Repeat everything in the listing exactly, except for the images.
——
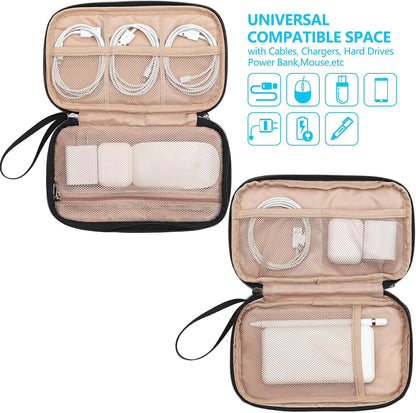 NISHEL Travel Cord Organizer Case, Double Layers Tech Electronic Bag, Essentials for Charger, Cable, Phone, Flash drive, Medium, Pink
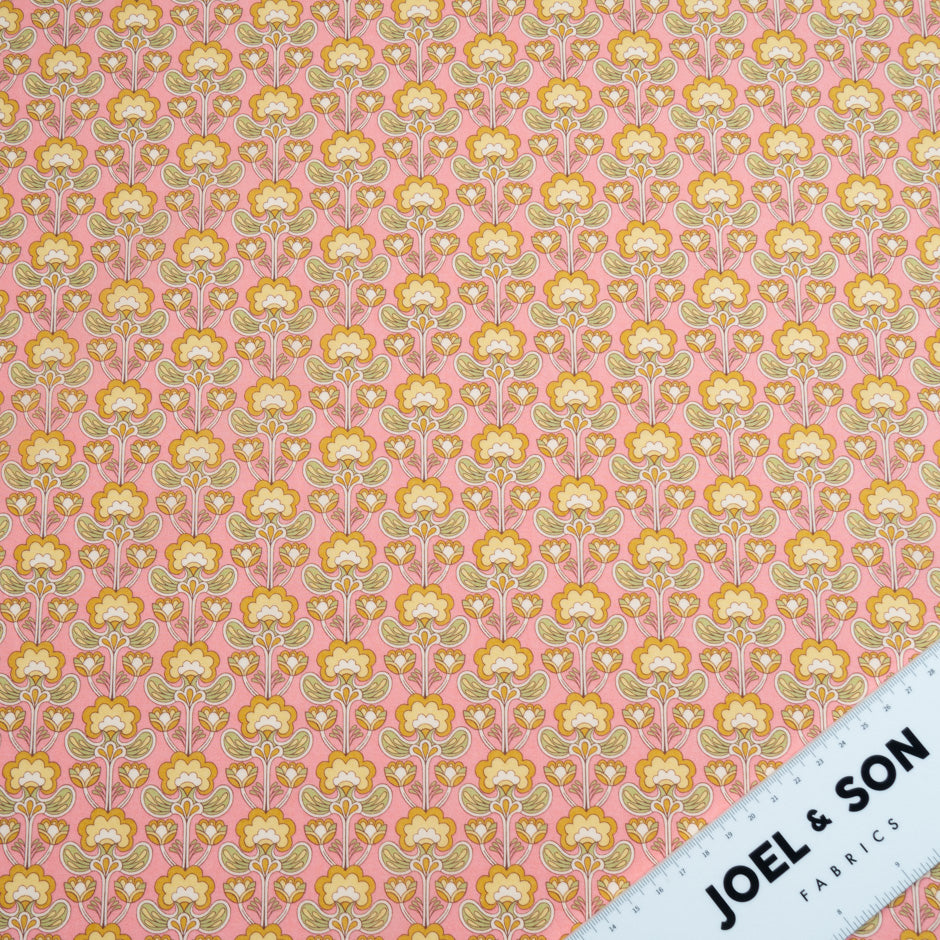 Pink 'Peacock Posy' Floral Liberty Cotton Tana Lawn
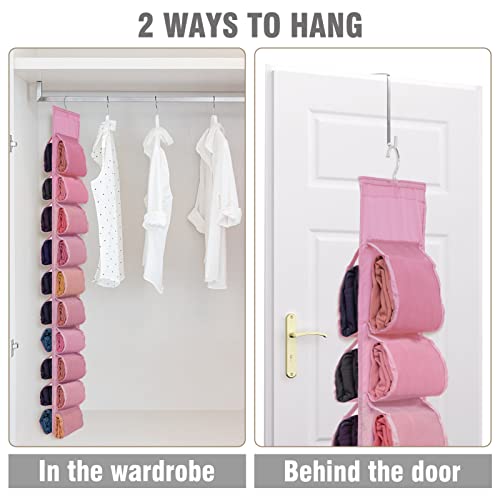 2 Pack Legging Storage Organizer, Hanging Closet Organizer System, Pink Clothes Closets Holder With 20 Roll Independent Compartments For Yoga T-Shirts Bras Socks Pants Tank Top Towel #TOP5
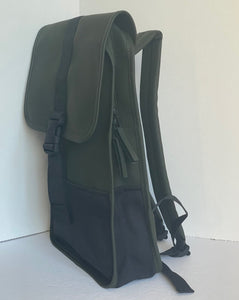 RAINS Buckle Mini Backpack Waterproof Green Laptop Sleeve Vegan Adjustable Unisex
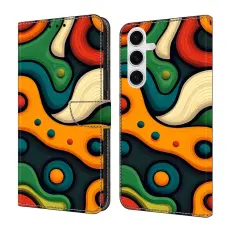 OEM - Samsung Galaxy S26 Pl&aring;nboksfodral F&auml;llbart St&auml;ll Konstl&auml;der M&ouml;nstertryck - M&aring;lad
——
### Reply to the exercise
 NISHEL Travel Cord Organizer Case, Double Layers Tech Electronic Bag, Essentials for Charger, Cable, Phone, Flash drive, Medium, Pink
 Pink 'Peacock Posy' Floral Liberty Cotton Tana Lawn
 2 Pack Legging Storage Organizer, Hanging Closet Organizer System, Pink Clothes Closets Holder With 20 Roll Independent Compartments For Yoga T-Shirts Bras Socks Pants Tank Top Towel #TOP5
 RAINS Buckle Mini Backpack Waterproof Green Laptop Sleeve Vegan Adjustable Unisex
 OEM - Samsung Galaxy S26 Pl&aring;nboksfodral F&auml;llbart St&auml;ll Konstl&auml;der M&ouml;nstertryck - M&aring;lad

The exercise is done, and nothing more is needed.